School of Rehabilitation Sciences, McMaster University, Hamilton, ON, Canada.
Roth | McFarlane Clinical Research Lab, Hand and Upper Limb Centre, St. Joseph's Health Care London, 268 Grosvenor Street, London, ON, Canada.
Arch Osteoporos. 2018 Mar 20;13(1):32. doi: 10.1007/s11657-018-0445-5.
UNLABELLED: In a prospective cohort of 113 patients followed 4 years after distal radius fracture (DRF), 24% of patients experienced a subsequent fall and 19% experienced a subsequent fracture. People with poor balance, greater fracture-specific pain/disability, low bone density, and prior falls had nearly a three times higher risk of subsequent falls. PURPOSE: To determine the extent to which modifiable risk factors alone or in combination with bone mineral density (BMD) and non-modifiable risk factors predict subsequent falls and osteoporotic (OP) fractures after distal radius fracture (DRF). METHODS: We assessed a cohort of patients (n = 191; mean age = 62 ± 8 years; female = 88%) shortly after DRF (baseline) and again at 4 years to identify subsequent falls or OP fractures. Baseline predictors included age, sex, prior falls, and modifiable risk factors such as balance, muscle strength, physical activity, fear of falling, BMD, fracture-specific pain/disability, and general health status. Univariate, multivariate, and stepwise logistic regression analyses were conducted to compute odds ratio (OR) with 95% CI to determine the extent of association between the risk factors and outcomes. RESULTS: Among the 113 patients, who completed 4-year follow-up, 24% reported ≥ 1 subsequent fall and 19% reported ≥ 1 subsequent fracture. Significant predictors of subsequent falls included poor balance (OR = 3.3), low total hip BMD (OR = 3.3), high patient-rated wrist evaluation (PRWE) score (OR = 3.0), and prior falls (OR = 3.4). When adjusted for BMD, age, and sex; only prior falls (OR = 4.1) remained a significant independent predictor of future falls. None of the modifiable or non-modifiable risk factors were significantly associated with subsequent fractures. CONCLUSION: Prior falls (≥ 2) is an independent predictor of subsequent falls in patients with DRF. In clinical practice, screening of patients for prior falls, balance, fracture-specific pain/disability, and BMD may identify those who might be at risk of subsequent falls after their first DRF.

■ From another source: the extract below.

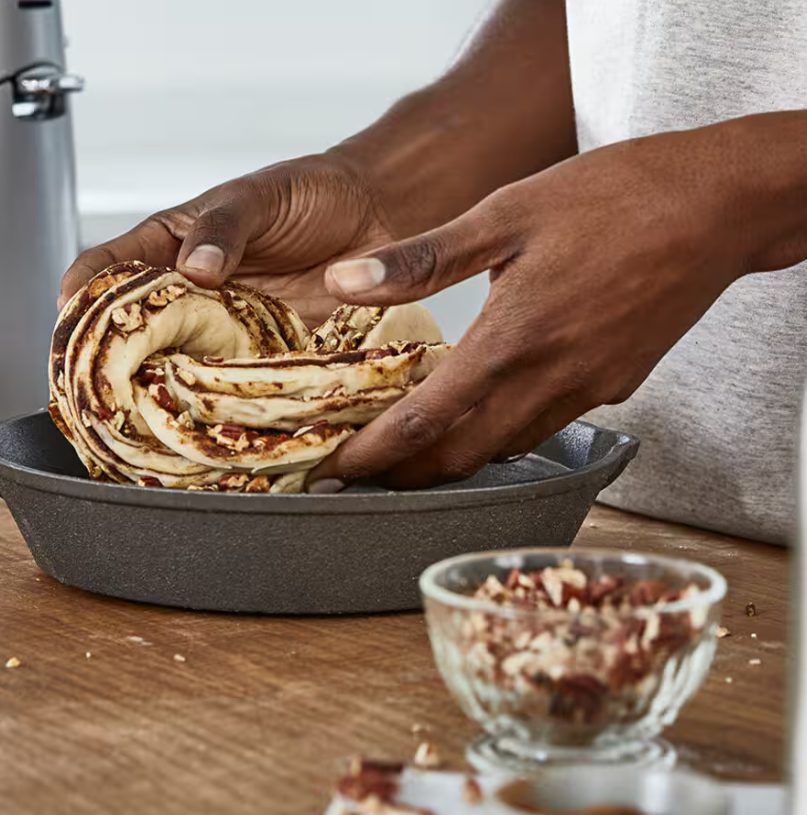Virtuvinis kombainas Kenwood KVL85.594SI aprašymas - Prekės nuotrauka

目的:确定可改变的风险因素单独或与骨密度(BMD)和不可改变的风险因素结合,在多大程度上可以预测桡骨远端骨折(DRF)后再次发生跌倒和骨质疏松性(OP)骨折。 方法:我们在 DRF 后不久(基线)评估了一组患者(n=191;平均年龄=62±8 岁;女性=88%),并在 4 年后再次评估,以确定是否发生了后续跌倒或 OP 骨折。基线预测因素包括年龄、性别、既往跌倒和可改变的风险因素,如平衡、肌肉力量、身体活动、跌倒恐惧、BMD、骨折特异性疼痛/残疾和一般健康状况。进行单变量、多变量和逐步逻辑回归分析,以计算优势比(OR)及其 95%置信区间,以确定风险因素与结果之间的关联程度。 结果:在完成 4 年随访的 113 名患者中,24%报告≥1 次后续跌倒,19%报告≥1 次后续骨折。后续跌倒的显著预测因素包括平衡不佳(OR=3.3)、总髋部 BMD 低(OR=3.3)、患者自评腕部评估(PRWE)评分高(OR=3.0)和既往跌倒(OR=3.4)。在调整 BMD、年龄和性别后,仅既往跌倒(OR=4.1)仍然是未来跌倒的显著独立预测因素。可改变或不可改变的风险因素均与后续骨折无显著相关性。 结论:既往跌倒(≥2 次)是 DRF 患者再次跌倒的独立预测因素。在临床实践中,对患者进行既往跌倒、平衡、骨折特异性疼痛/残疾和 BMD 的筛查可能会识别出那些在首次 DRF 后可能有再次跌倒风险的患者。